MINNEAPOLIS -- When North Dakota State comes to Minnesota, the Bison make themselves at home.
The Gophers just keep playing the role of the far-too-gracious host.
Marcus Williams had two defensive touchdowns for North Dakota State, including a wild play at the end of the first half on Saturday, to help an FCS team pull off yet another win at Minnesota, 37-24.
"Coach outcoached me, their team outplayed us and they deserved to win the game," Gophers coach Jerry Kill said, adding: "I feel bad for our students. I feel bad for the state of Minnesota. I feel bad for our fans, and I feel bad for our kids."
Williams, a sophomore cornerback who played at Hopkins High School in the Twin Cities -- one of the dozens of Minnesotans who make up half of NDSU's roster -- returned an interception of Max Shortell's late heave 40 yards for a touchdown to seal the game.
On the final play of the first half, teammate Colten Heagle picked off MarQueis Gray's risky pass at the 18 and tossed the ball back to Williams as he was taken down near midfield.

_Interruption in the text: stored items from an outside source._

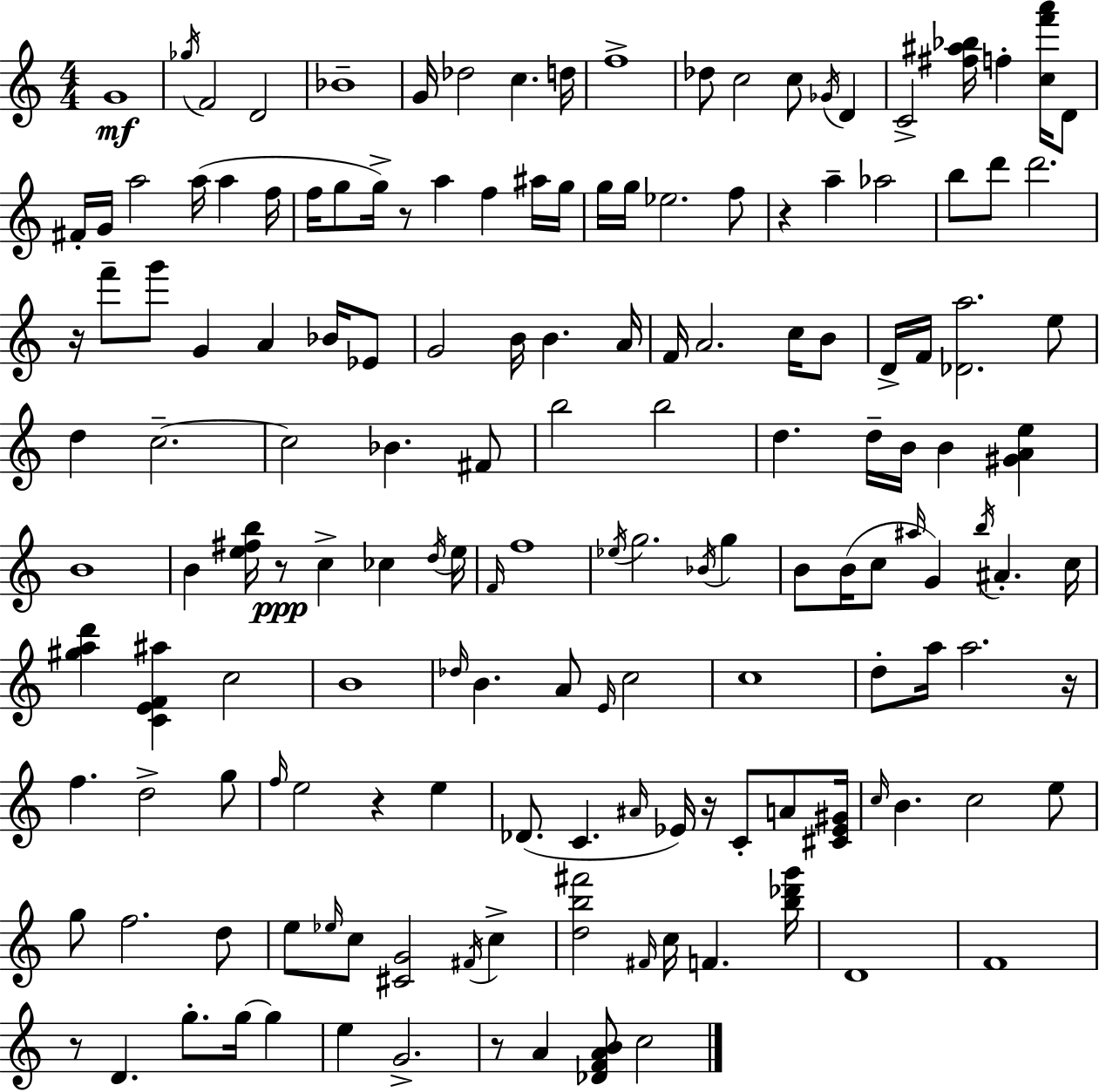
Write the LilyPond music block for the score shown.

{
  \clef treble
  \numericTimeSignature
  \time 4/4
  \key c \major
  g'1\mf | \acciaccatura { ges''16 } f'2 d'2 | bes'1-- | g'16 des''2 c''4. | \break d''16 f''1-> | des''8 c''2 c''8 \acciaccatura { ges'16 } d'4 | c'2-> <fis'' ais'' bes''>16 f''4-. <c'' f''' a'''>16 | d'8 fis'16-. g'16 a''2 a''16( a''4 | \break f''16 f''16 g''8 g''16->) r8 a''4 f''4 | ais''16 g''16 g''16 g''16 ees''2. | f''8 r4 a''4-- aes''2 | b''8 d'''8 d'''2. | \break r16 f'''8-- g'''8 g'4 a'4 bes'16 | ees'8 g'2 b'16 b'4. | a'16 f'16 a'2. c''16 | b'8 d'16-> f'16 <des' a''>2. | \break e''8 d''4 c''2.--~~ | c''2 bes'4. | fis'8 b''2 b''2 | d''4. d''16-- b'16 b'4 <gis' a' e''>4 | \break b'1 | b'4 <e'' fis'' b''>16 r8\ppp c''4-> ces''4 | \acciaccatura { d''16 } e''16 \grace { f'16 } f''1 | \acciaccatura { ees''16 } g''2. | \break \acciaccatura { bes'16 } g''4 b'8 b'16( c''8 \grace { ais''16 }) g'4 | \acciaccatura { b''16 } ais'4.-. c''16 <gis'' a'' d'''>4 <c' e' f' ais''>4 | c''2 b'1 | \grace { des''16 } b'4. a'8 | \break \grace { e'16 } c''2 c''1 | d''8-. a''16 a''2. | r16 f''4. | d''2-> g''8 \grace { f''16 } e''2 | \break r4 e''4 des'8.( c'4. | \grace { ais'16 } ees'16) r16 c'8-. a'8 <cis' ees' gis'>16 \grace { c''16 } b'4. | c''2 e''8 g''8 f''2. | d''8 e''8 \grace { ees''16 } | \break c''8 <cis' g'>2 \acciaccatura { fis'16 } c''4-> <d'' b'' fis'''>2 | \grace { fis'16 } c''16 f'4. <b'' des''' g'''>16 | d'1 | f'1 | \break r8 d'4. g''8.-. g''16~~ g''4 | e''4 g'2.-> | r8 a'4 <des' f' a' b'>8 c''2 | \bar "|."
}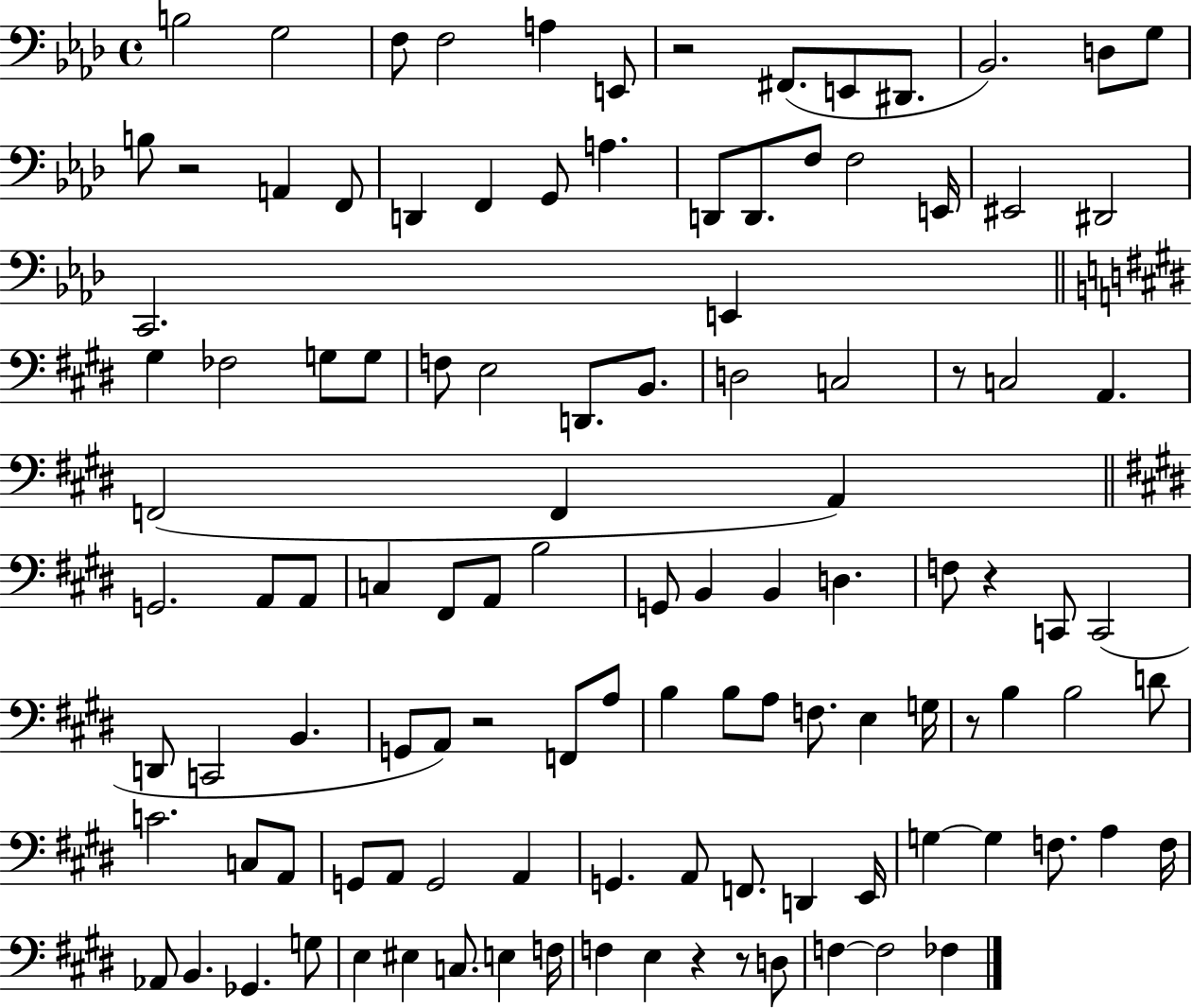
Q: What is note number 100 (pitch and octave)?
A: F3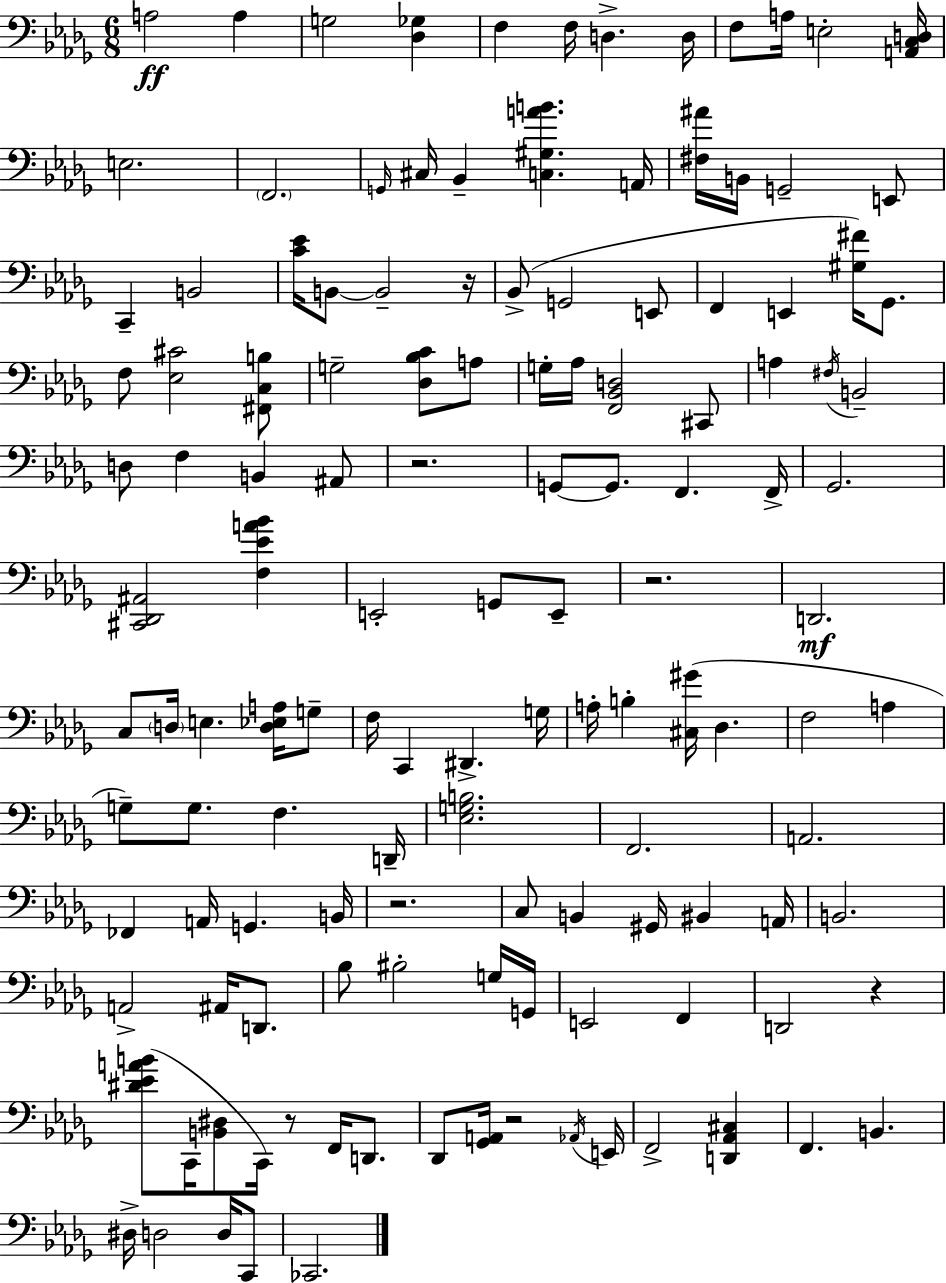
{
  \clef bass
  \numericTimeSignature
  \time 6/8
  \key bes \minor
  a2\ff a4 | g2 <des ges>4 | f4 f16 d4.-> d16 | f8 a16 e2-. <a, c d>16 | \break e2. | \parenthesize f,2. | \grace { g,16 } cis16 bes,4-- <c gis a' b'>4. | a,16 <fis ais'>16 b,16 g,2-- e,8 | \break c,4-- b,2 | <c' ees'>16 b,8~~ b,2-- | r16 bes,8->( g,2 e,8 | f,4 e,4 <gis fis'>16) ges,8. | \break f8 <ees cis'>2 <fis, c b>8 | g2-- <des bes c'>8 a8 | g16-. aes16 <f, bes, d>2 cis,8 | a4 \acciaccatura { fis16 } b,2-- | \break d8 f4 b,4 | ais,8 r2. | g,8~~ g,8. f,4. | f,16-> ges,2. | \break <cis, des, ais,>2 <f ees' a' bes'>4 | e,2-. g,8 | e,8-- r2. | d,2.\mf | \break c8 \parenthesize d16 e4. <d ees a>16 | g8-- f16 c,4 dis,4.-> | g16 a16-. b4-. <cis gis'>16( des4. | f2 a4 | \break g8--) g8. f4. | d,16-- <ees g b>2. | f,2. | a,2. | \break fes,4 a,16 g,4. | b,16 r2. | c8 b,4 gis,16 bis,4 | a,16 b,2. | \break a,2-> ais,16 d,8. | bes8 bis2-. | g16 g,16 e,2 f,4 | d,2 r4 | \break <dis' ees' a' b'>8( c,16 <b, dis>8 c,16) r8 f,16 d,8. | des,8 <ges, a,>16 r2 | \acciaccatura { aes,16 } e,16 f,2-> <d, aes, cis>4 | f,4. b,4. | \break dis16-> d2 | d16 c,8 ces,2. | \bar "|."
}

Williams raced 52 more yards to put the Bison (3-0) ahead 28-14 at the break.
"It was pretty emotional, really, being from here and going up against the home state," Williams said. "People thinking I wasn't good enough to play here, probably wasn't going to play D-I ball at all."
Donnell Kirkwood rushed 10 times for 70 yards and two touchdowns for the Gophers (1-3), but once again, it was difficult to determine which team was from the BCS conference -- and who was playing at home.
"Our players had a great deal of confidence coming in," said Bison coach Craig Bohl, whose team is 5-3 against FBS foes since moving up from Division II. "If we played well, we'd win."
NDSU scored touchdowns on drives of 65, 83 and 71 yards in the first half before the tag-team touchdown by Heagle and Williams as time expired. Minnesota's spirit disappeared, too.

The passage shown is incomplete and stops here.